ART: ARM64: Support DotProd SIMD idiom.

Implement support for vectorization idiom which performs dot
product of two vectors and adds the result to wider precision
components in the accumulator.

viz. DOT_PRODUCT([ a1, .. , am], [ x1, .. , xn ], [ y1, .. , yn ]) =
                 [ a1 + sum(xi * yi), .. , am + sum(xj * yj) ],
     for m <= n, non-overlapping sums,
     for either both signed or both unsigned operands x, y.

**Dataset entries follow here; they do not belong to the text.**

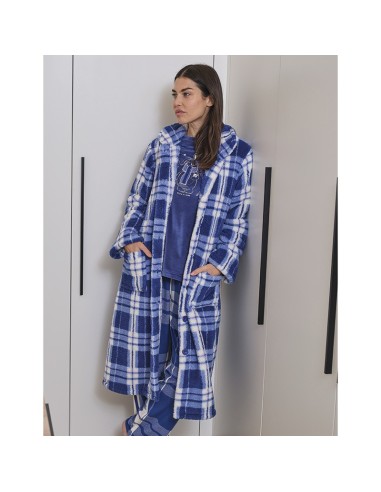 bata de mujer para invierno abotonada en suave pelo modelo Ania de muslher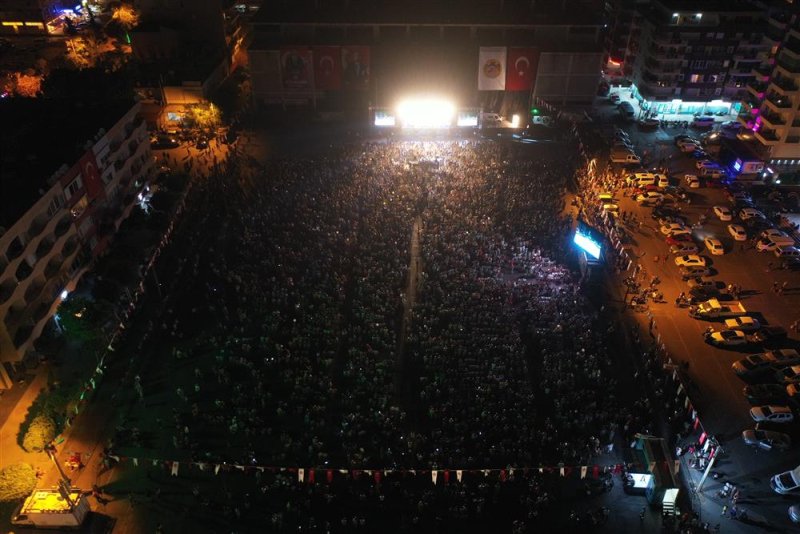 Alanya belediyesi’nden yaz konseri mahmutlar ferhat göçer ile coştu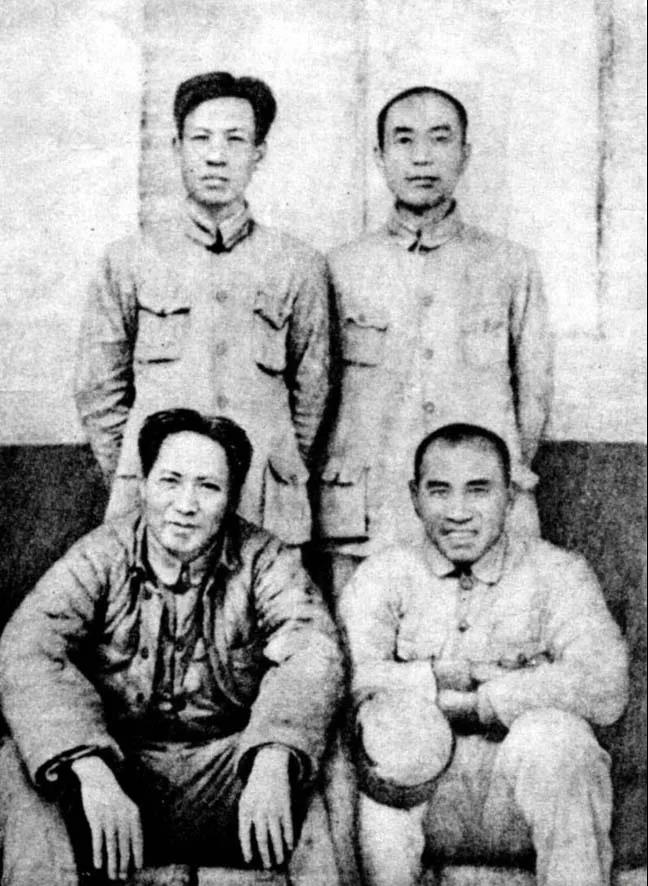 长征胜利后毛泽东与朱德、周恩来、刘少奇合影。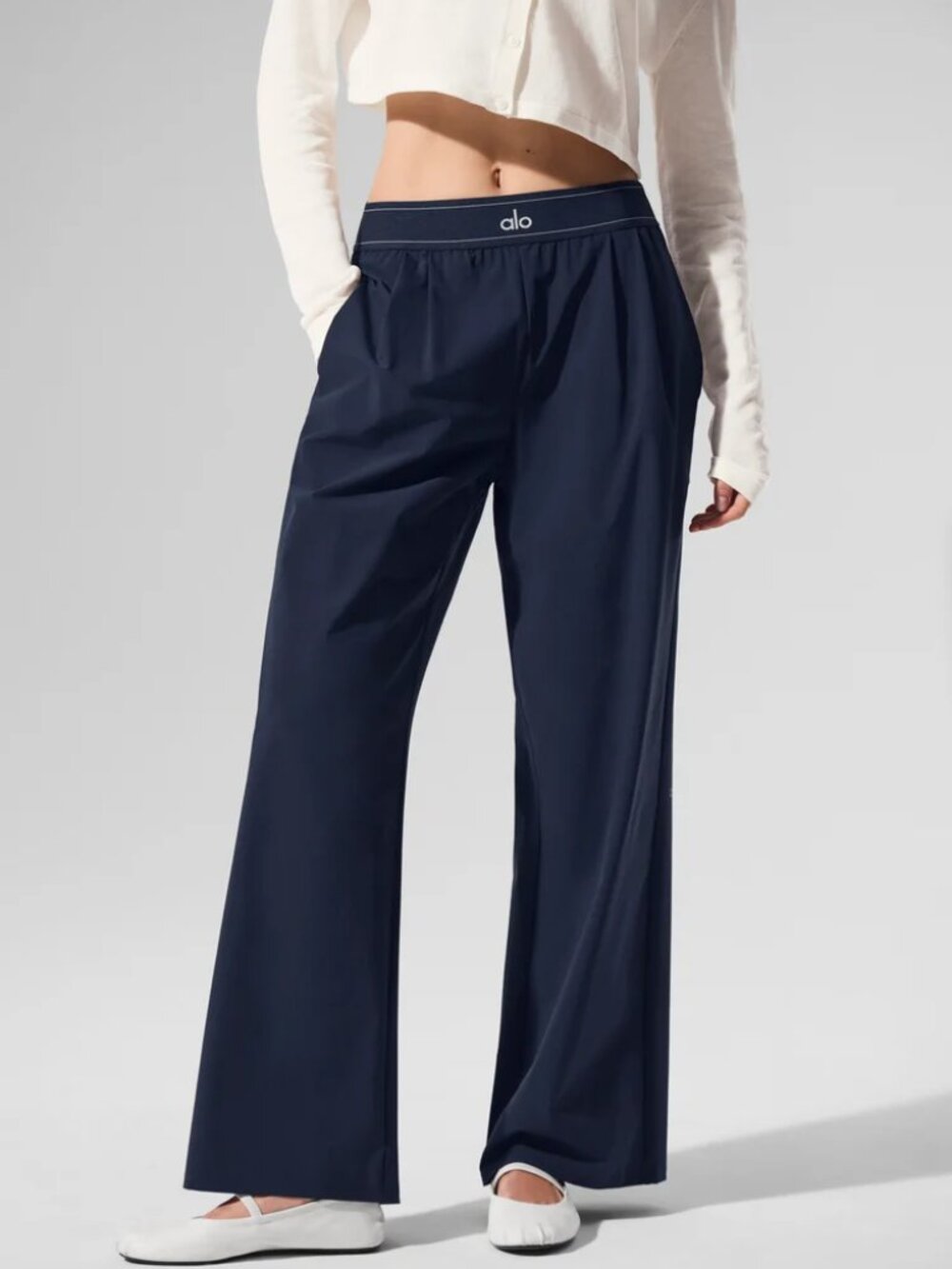 💙ALO Yoga Suit Up Trouser Navy Blue (Regular 30")🙆NWT Versatile wide-leg pants - Picture 7 of 8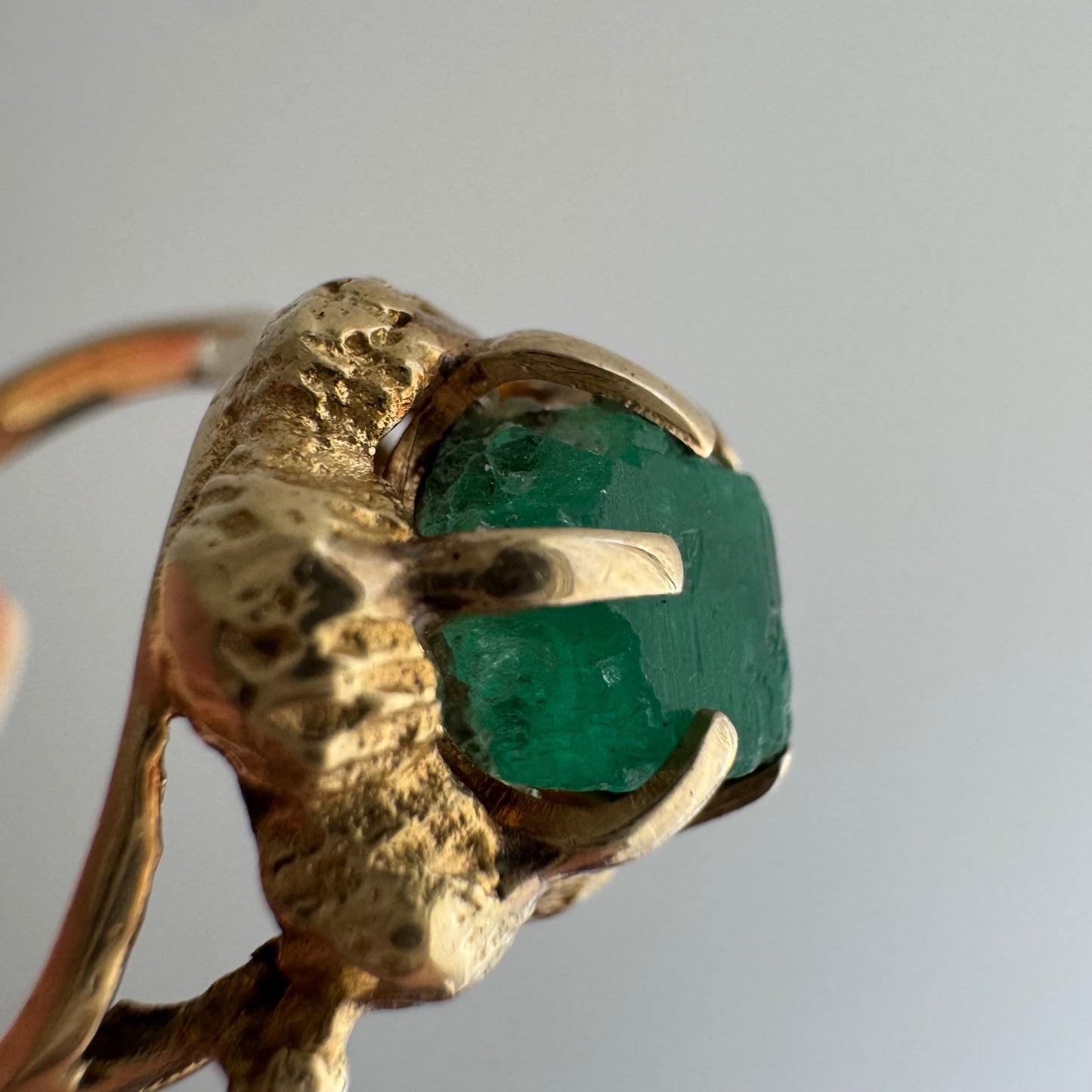 V I N T A G E // brutalist bloom / 14k and raw emerald floral solitaire ring / size 6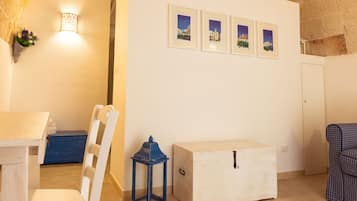Quarto casal superior, 1 cama Queen, no piso térreo | Parte interna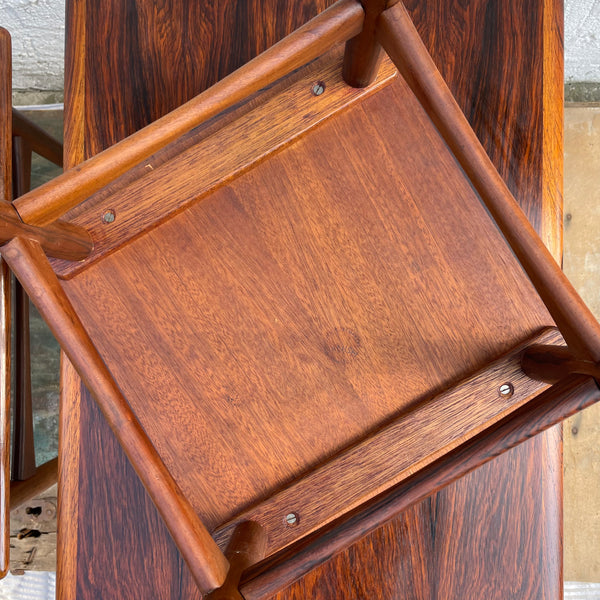 Nesting Tables von Arne Hovmand Olsen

The patch shows up to 7x performance improvement on a micro
benchmark on Cortex-A57.

Test: 684-checker-simd-dotprod.
Test: test-art-host, test-art-target.

Change-Id: Ibab0d51f537fdecd1d84033197be3ebf5ec4e455
diff --git a/compiler/optimizing/loop_optimization.h b/compiler/optimizing/loop_optimization.h
index 2b202fd..1a842c4 100644
--- a/compiler/optimizing/loop_optimization.h
+++ b/compiler/optimizing/loop_optimization.h
@@ -82,6 +82,7 @@
     kNoReduction     = 1 << 9,   // no reduction
     kNoSAD           = 1 << 10,  // no sum of absolute differences (SAD)
     kNoWideSAD       = 1 << 11,  // no sum of absolute differences (SAD) with operand widening
+    kNoDotProd       = 1 << 12,  // no dot product
   };
 
   /*
@@ -217,6 +218,11 @@
                          bool generate_code,
                          DataType::Type type,
                          uint64_t restrictions);
+  bool VectorizeDotProdIdiom(LoopNode* node,
+                             HInstruction* instruction,
+                             bool generate_code,
+                             DataType::Type type,
+                             uint64_t restrictions);
 
   // Vectorization heuristics.
   Alignment ComputeAlignment(HInstruction* offset,